(Recorded information Opens)
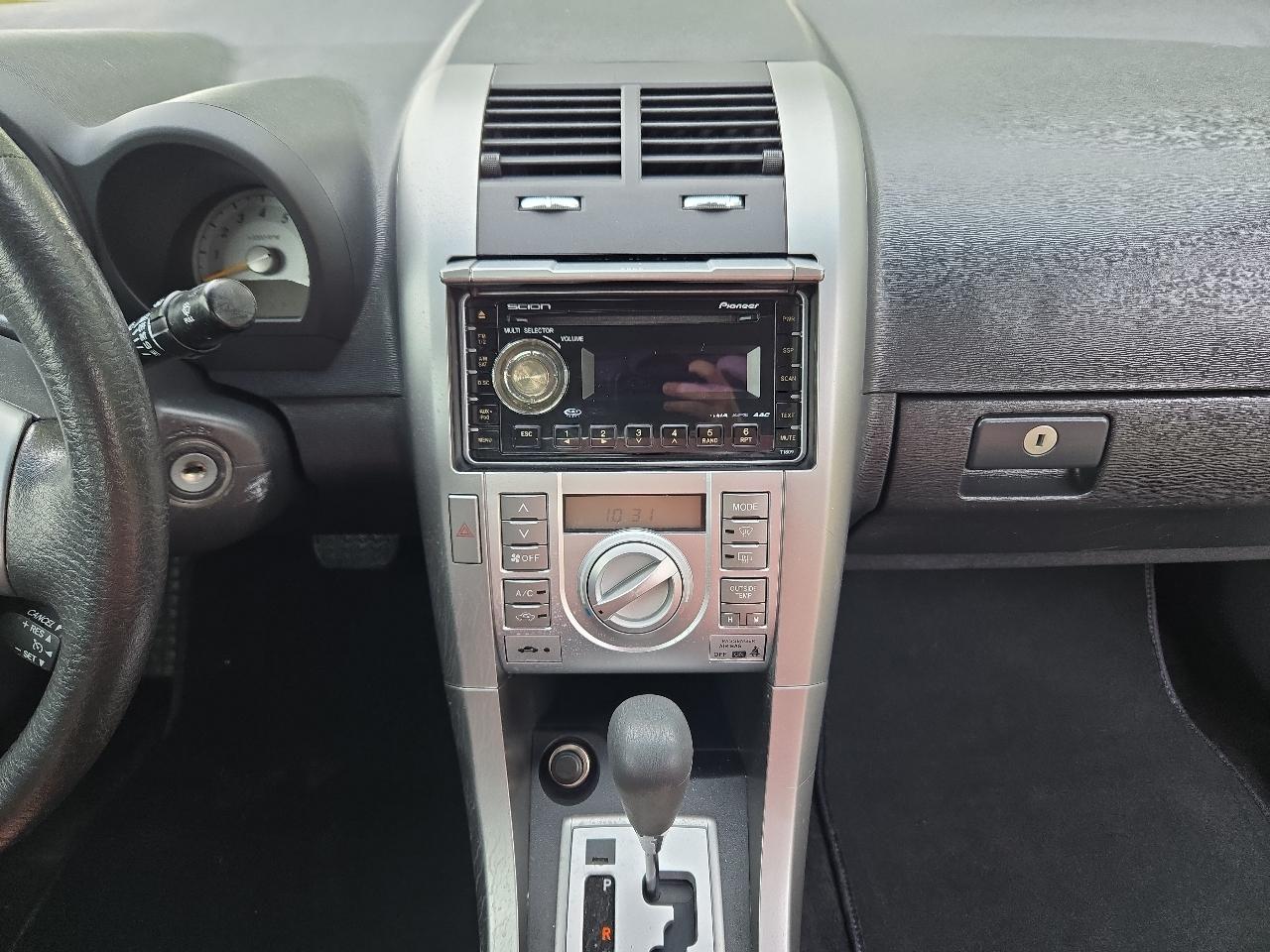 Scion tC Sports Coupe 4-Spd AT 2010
(Recorded information Closes)
(Recorded information Opens)
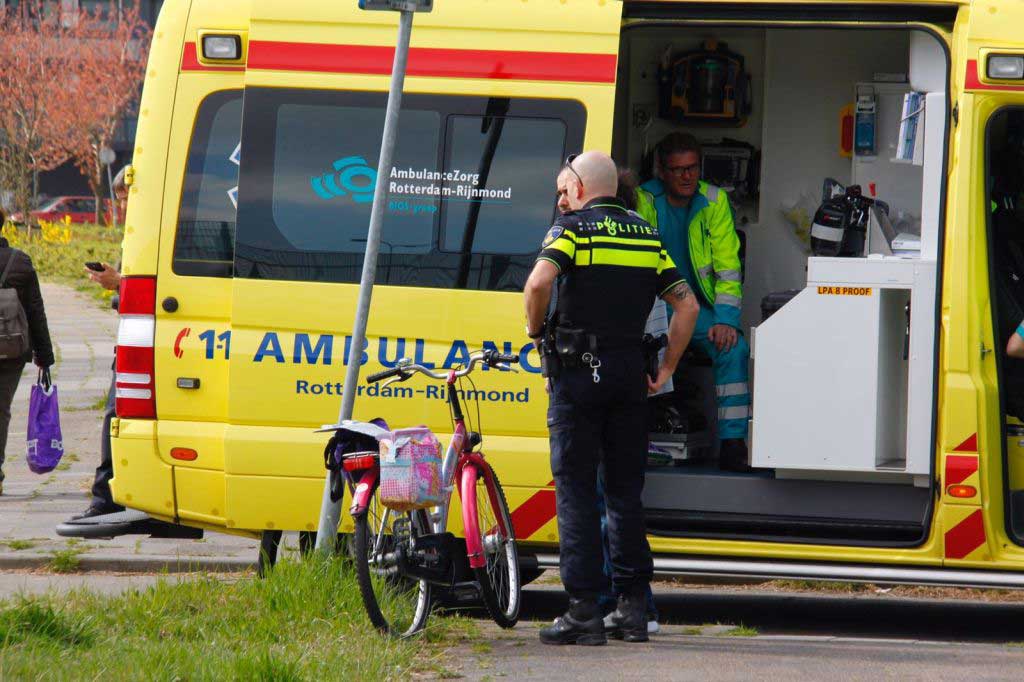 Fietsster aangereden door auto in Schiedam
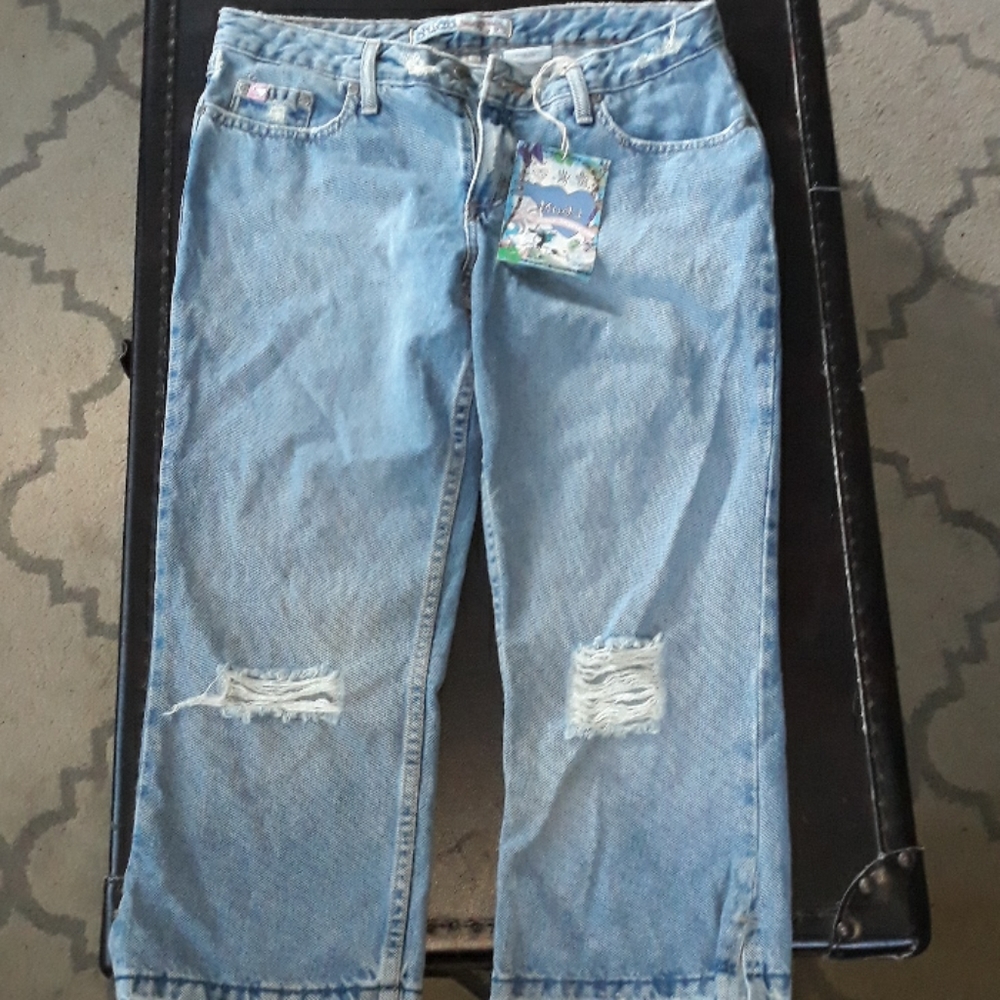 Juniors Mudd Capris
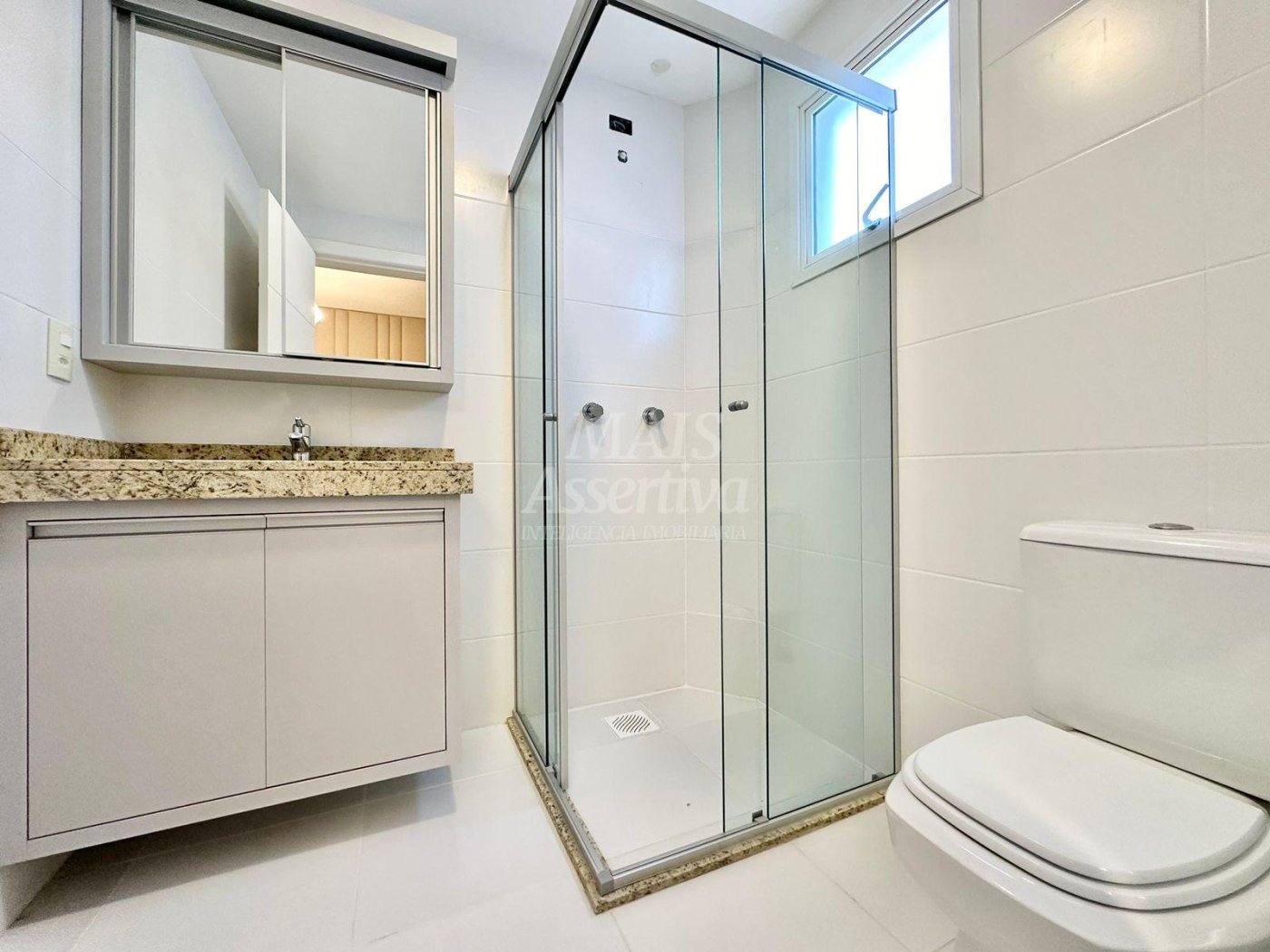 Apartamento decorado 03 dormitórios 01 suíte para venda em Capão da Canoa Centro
(Recorded information Closes)
(Recorded information Opens)
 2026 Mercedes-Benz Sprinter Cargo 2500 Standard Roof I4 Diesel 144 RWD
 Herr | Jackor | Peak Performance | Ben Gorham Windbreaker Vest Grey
(Recorded information Closes)
Beginning with the line that contains "Fietsster aangereden door auto in Schiedam", write out the lines of the material above exactly, and end with the line that contains "Apartamento decorado 03". Omit the pictures.

=== Final answer ===
 Fietsster aangereden door auto in Schiedam
 Juniors Mudd Capris
 Apartamento decorado 03 dormitórios 01 suíte para venda em Capão da Canoa Centro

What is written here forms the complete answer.